[Data provided]:
= = = = = = =

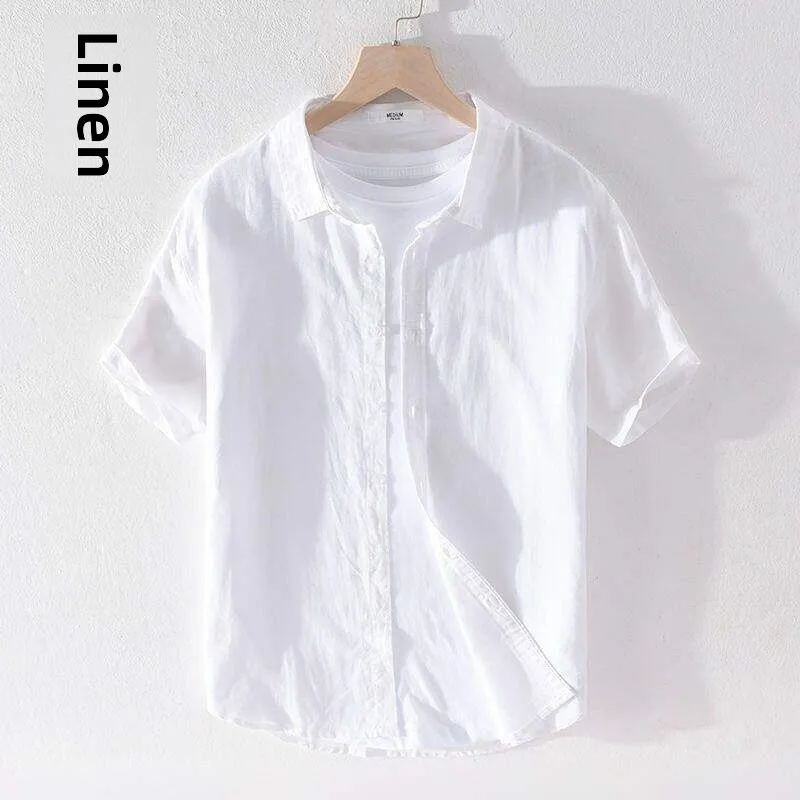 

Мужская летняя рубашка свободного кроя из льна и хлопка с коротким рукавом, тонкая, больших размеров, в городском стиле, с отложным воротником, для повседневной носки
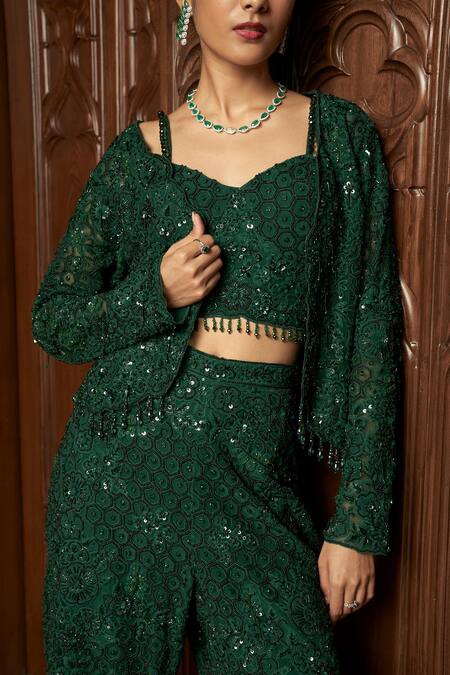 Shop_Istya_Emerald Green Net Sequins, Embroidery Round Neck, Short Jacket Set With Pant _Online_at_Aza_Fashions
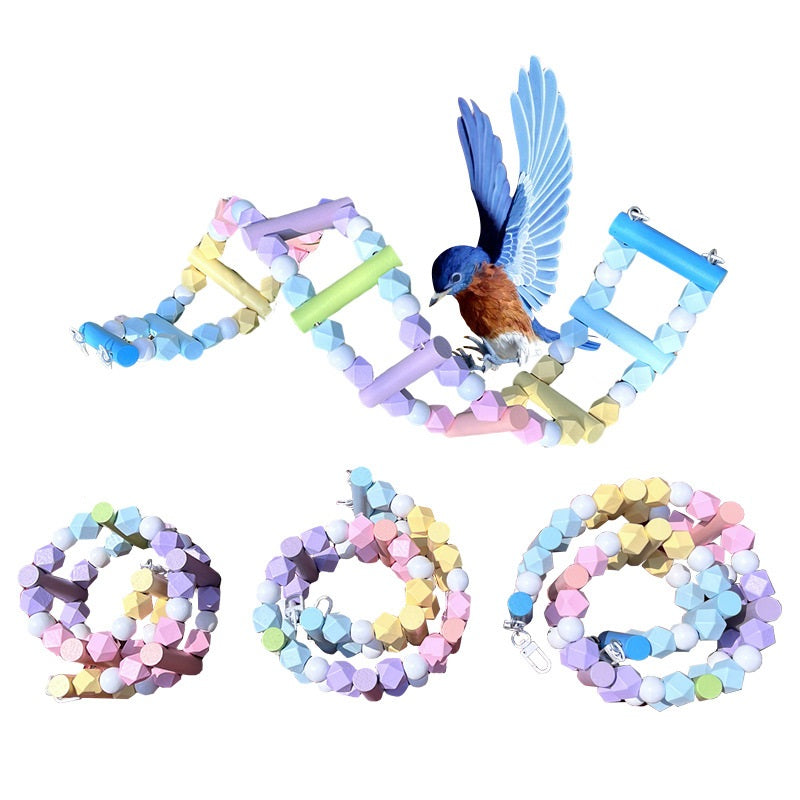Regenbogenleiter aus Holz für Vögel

= = = = = = =

[To do]:
Without the pictures, please reproduce each line of the listing above exactly, from the first one through the line bearing "Shop_Istya_Emerald Green Net".

[Result of this task]:
Мужская летняя рубашка свободного кроя из льна и хлопка с коротким рукавом, тонкая, больших размеров, в городском стиле, с отложным воротником, для повседневной носки
 Shop_Istya_Emerald Green Net Sequins, Embroidery Round Neck, Short Jacket Set With Pant _Online_at_Aza_Fashions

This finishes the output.